The silence stretched.

Caden closed his eyes. When he opened them, the embers had died to ash.

“I need you to finish cracking that file,” he said. “And I need you to find out why Grant kept a son that wasn’t his.”

“Already on it.” Petra’s voice was grim. “But Caden—whoever that father is, he’s been watching. For a long time.”

Caden ended the call and walked to the window. The sky was starting to pale. Morning would come, and with it, questions he wasn’t ready to answer.

Behind him, Cassidy stirred. “Who was that?”Visit Loerva.

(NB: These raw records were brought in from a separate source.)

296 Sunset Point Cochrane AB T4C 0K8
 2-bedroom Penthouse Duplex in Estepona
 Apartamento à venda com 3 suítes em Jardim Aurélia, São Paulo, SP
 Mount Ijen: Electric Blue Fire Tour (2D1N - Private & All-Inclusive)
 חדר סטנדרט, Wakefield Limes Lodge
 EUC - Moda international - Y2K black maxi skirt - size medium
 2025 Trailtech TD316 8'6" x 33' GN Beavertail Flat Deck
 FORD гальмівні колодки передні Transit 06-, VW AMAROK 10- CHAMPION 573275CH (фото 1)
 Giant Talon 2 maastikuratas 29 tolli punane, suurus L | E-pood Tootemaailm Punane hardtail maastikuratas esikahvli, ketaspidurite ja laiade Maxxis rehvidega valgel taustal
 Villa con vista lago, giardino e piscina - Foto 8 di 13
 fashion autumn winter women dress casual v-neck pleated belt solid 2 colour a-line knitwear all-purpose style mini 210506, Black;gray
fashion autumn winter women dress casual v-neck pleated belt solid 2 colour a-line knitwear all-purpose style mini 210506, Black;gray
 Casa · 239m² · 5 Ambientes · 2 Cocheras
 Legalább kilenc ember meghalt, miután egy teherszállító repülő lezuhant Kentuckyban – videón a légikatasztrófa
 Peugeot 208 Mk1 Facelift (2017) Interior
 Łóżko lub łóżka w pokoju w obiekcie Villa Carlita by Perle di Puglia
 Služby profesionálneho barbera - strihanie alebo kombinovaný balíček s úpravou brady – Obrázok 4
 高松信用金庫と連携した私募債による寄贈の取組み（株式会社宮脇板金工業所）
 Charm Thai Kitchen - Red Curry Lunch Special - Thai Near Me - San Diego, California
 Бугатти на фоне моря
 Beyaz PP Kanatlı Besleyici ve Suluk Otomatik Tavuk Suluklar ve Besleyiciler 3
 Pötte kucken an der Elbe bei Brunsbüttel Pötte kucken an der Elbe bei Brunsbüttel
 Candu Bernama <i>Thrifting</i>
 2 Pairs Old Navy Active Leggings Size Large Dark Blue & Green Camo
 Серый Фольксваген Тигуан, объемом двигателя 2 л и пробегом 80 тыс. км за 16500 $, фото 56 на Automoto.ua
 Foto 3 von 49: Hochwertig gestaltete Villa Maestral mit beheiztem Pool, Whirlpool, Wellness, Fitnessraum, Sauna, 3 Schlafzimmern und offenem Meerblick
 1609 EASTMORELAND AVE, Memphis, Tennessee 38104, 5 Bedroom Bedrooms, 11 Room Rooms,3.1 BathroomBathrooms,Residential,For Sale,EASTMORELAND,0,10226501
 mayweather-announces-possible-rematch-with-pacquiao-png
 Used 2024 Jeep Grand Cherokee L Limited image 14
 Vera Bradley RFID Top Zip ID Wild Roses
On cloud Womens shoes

“Petra. She found something.” He didn’t turn. “Go back to sleep.”

“Caden.”

He turned.

She was sitting up now, the blanket pooled in her lap. “I followed you tonight because I couldn’t lose Noah. And I couldn’t lose you again. But if you’re going to keep fighting this war, I need to know why. I need to know everything.”

Caden looked at her for a long moment. The first light of dawn crept through the window, catching the dust motes in the air.

“I’ll tell you,” he said. “But not here. Not yet.”

He walked back toward Noah’s room, paused at the door, and heard his son’s quiet breathing—alive, safe, asleep.

And then from the darkness of the cabin’s corner, where no one had been standing a moment before, a voice:

“You saved him today. But you’ll never be a father. You’re a ghost, Caden. Just like our father.”

Dorian, bloodied and laughing from the floor, whispered it—a phantom echo from the root cellar, a recording hidden in the cabin’s walls, triggered by motion.

Caden spun.

The corner was empty.

But the words hung in the air, cold and certain, a promise that the war was far from over.